Subrayo, no hay nada nuevo en el párrafo anterior.

Sin embargo, aunque con lentitud, van aumentando los grupos que se rebelan contra el consumo que los empuja a comprar y comprar, sin que se justifique y sin razonar que se ha arrastrado a nuestro hermoso planeta a un nivel insoportable de superproducción, consumo y basura, esos grupos descubren que acumular, poseer y consumir no los hace más felices.
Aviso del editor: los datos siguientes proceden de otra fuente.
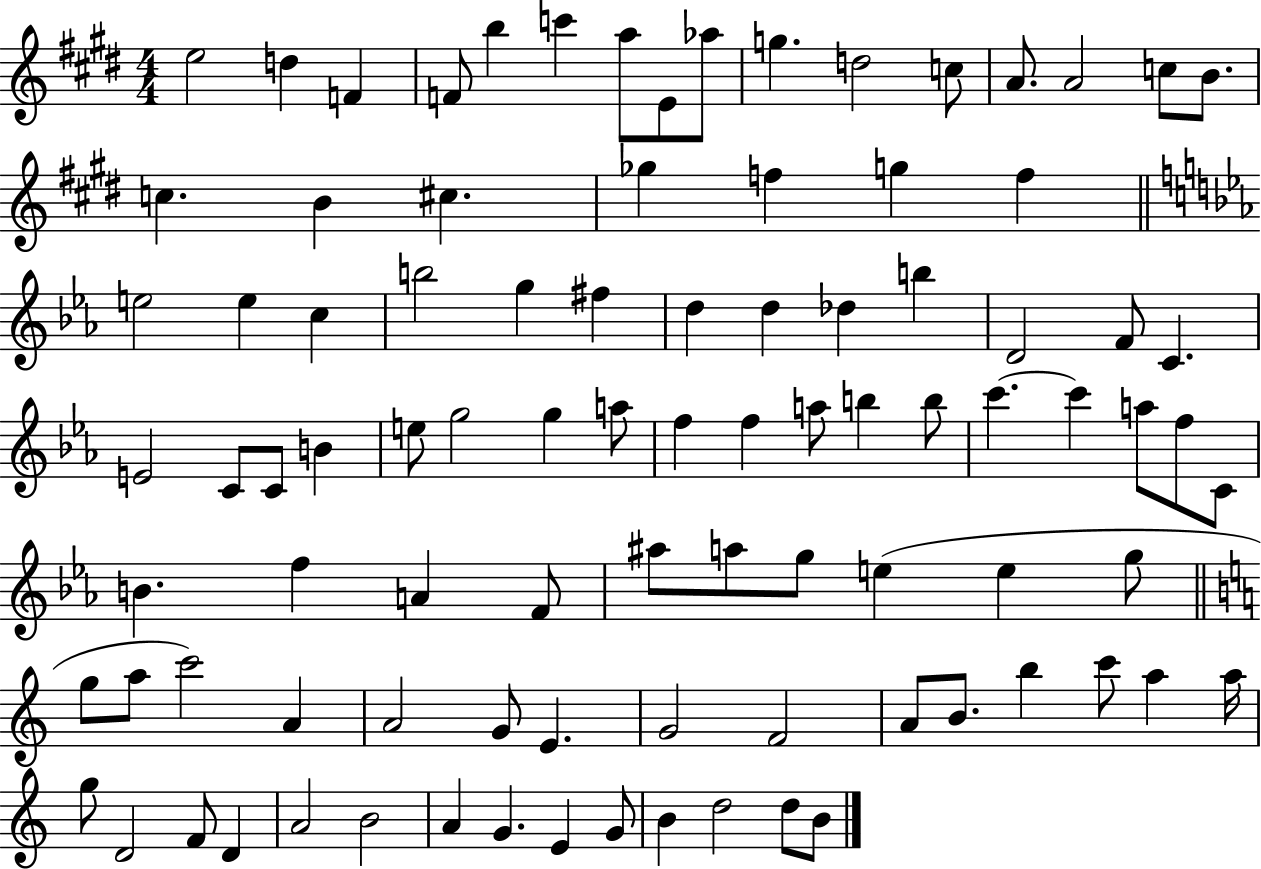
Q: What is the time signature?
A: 4/4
Insisto, esta no es una actitud nueva ante la abundancia material, el confort y el bienestar, hace ya cientos de años los ermitaños y monjes –tibetanos, budistas y cristianos– optaron por renunciar a los bienes materiales y vivir en la pobreza, pero eso es otra cosa. 
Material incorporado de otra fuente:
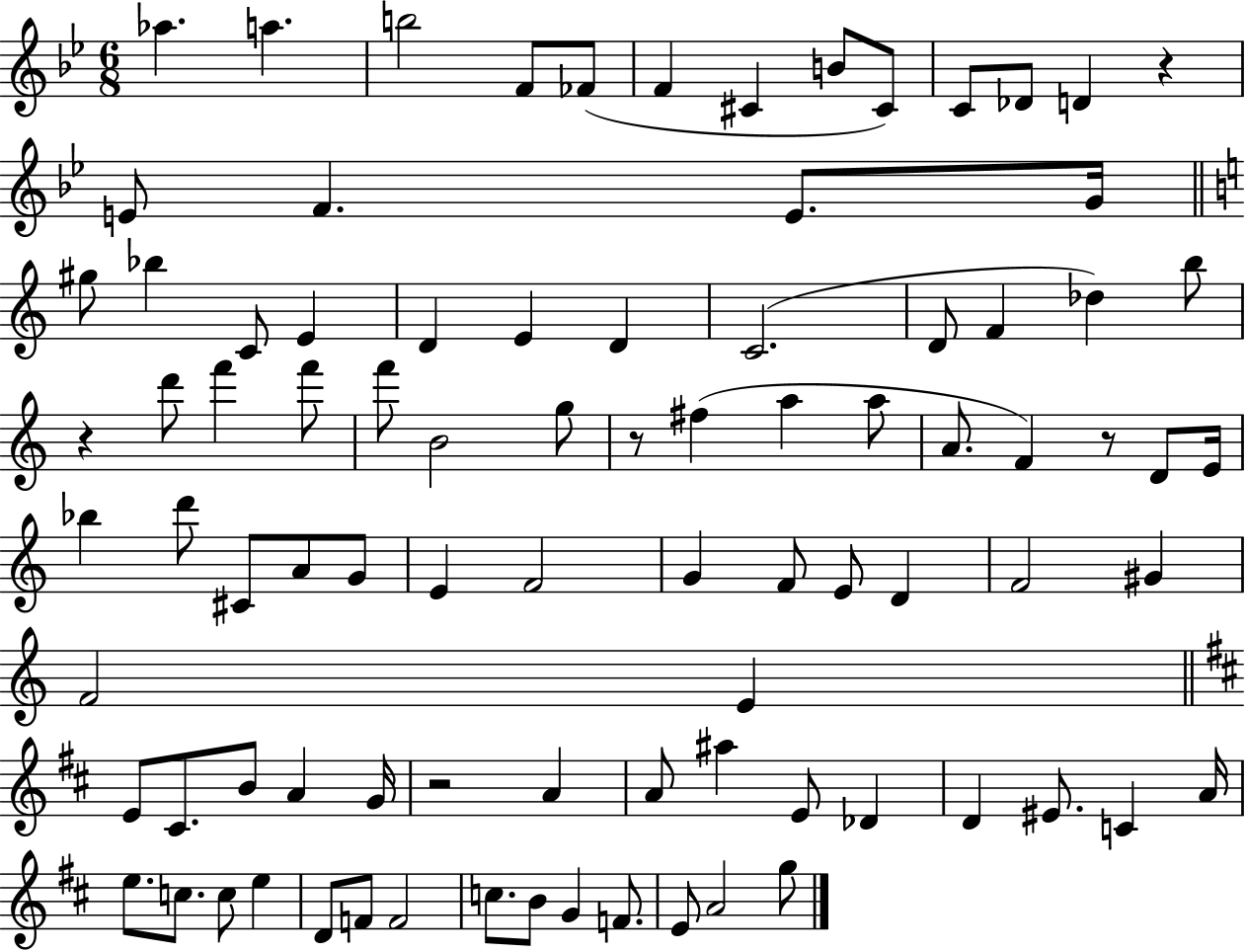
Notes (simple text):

Hoy es evidente, ante los grandes problemas de la humanidad, que no hay insensibilidad generalizada o indolencia, crecen los grupos que buscan soluciones para limpiar los océanos y la tierra del plástico, así como el agua; detener la contaminación en todos los ámbitos, atender el cambio climático, promover energías limpias, entre otros casos urgentes que cuidar.

No hay planeta B; aunque el optimismo de las investigaciones espaciales ofrece la vida en marte, ese es un sueño imposible aún, y a pesar de que las élites económicas y políticas mundiales se afanen en ocultarlo, tenemos enfrente el agotamiento de los recursos naturales.

Por otro lado, la búsqueda de la felicidad es casi frenética, proliferan los libros y documentales sobre cómo ser feliz con menos y crece el interés de la conciencia colectiva en la indagación sobre el consumo responsable, sustentable y orientado a su reducción, y surgen preguntas sobre esta elemental e incipiente búsqueda de cambio en nuestros patrones de consumo frente a las teorías del merecimiento: “es caro, pero lo merezco, lo valgo, por qué no”.

Parece que la voracidad material aún sobrepasa con creces a esa capacidad de disfrute de la abundancia de salud física y espiritual, de paz personal y familiar. Esta abundancia parece absurda, poco se cultiva. Científicos sociales, como Jason Hickel, sostienen que prospera el consenso en grupos que creen que una vez alcanzado cierto nivel material éste no aumenta de manera relevante la felicidad.

Los promotores más agudos e importantes del consumo minimalista están en Estados Unidos, impulsan la vida con sentido, teniendo menos: “ama a las personas, usa las cosas” –no a la inversa–, exclaman y promueven. Vivir reduciendo compras, lo cual ayuda al planeta y al alma, es su filosofía. 

Hay gente que experimenta consigo misma y ha pasado hasta un año sin comprar sino únicamente lo necesario, y así aprender a frenar el impulso constante de obtener cosas nuevas. Muchos maridos mexicanos ricos desearían que sus esposas accedieran a entrar en experimentos de este tipo y vaciaran sus closets de vestidos, bolsas y zapatos que no usan. 

Contener el hiperconsumo es algo que muchas personas –no sabemos cuántas– se van proponiendo, una vida minimalista, vivir menos con la influencia de la mercadotecnia y más con la satisfacción de sí mismas y la felicidad. No es poco. 

En México, donde más del 50 por ciento de la población vive en pobreza, se practica el minimalismo por obligación, así como una clase media que mengua constantemente, de manera que éstas prácticas se juzgan esotéricas, pero conviene saber de su existencia.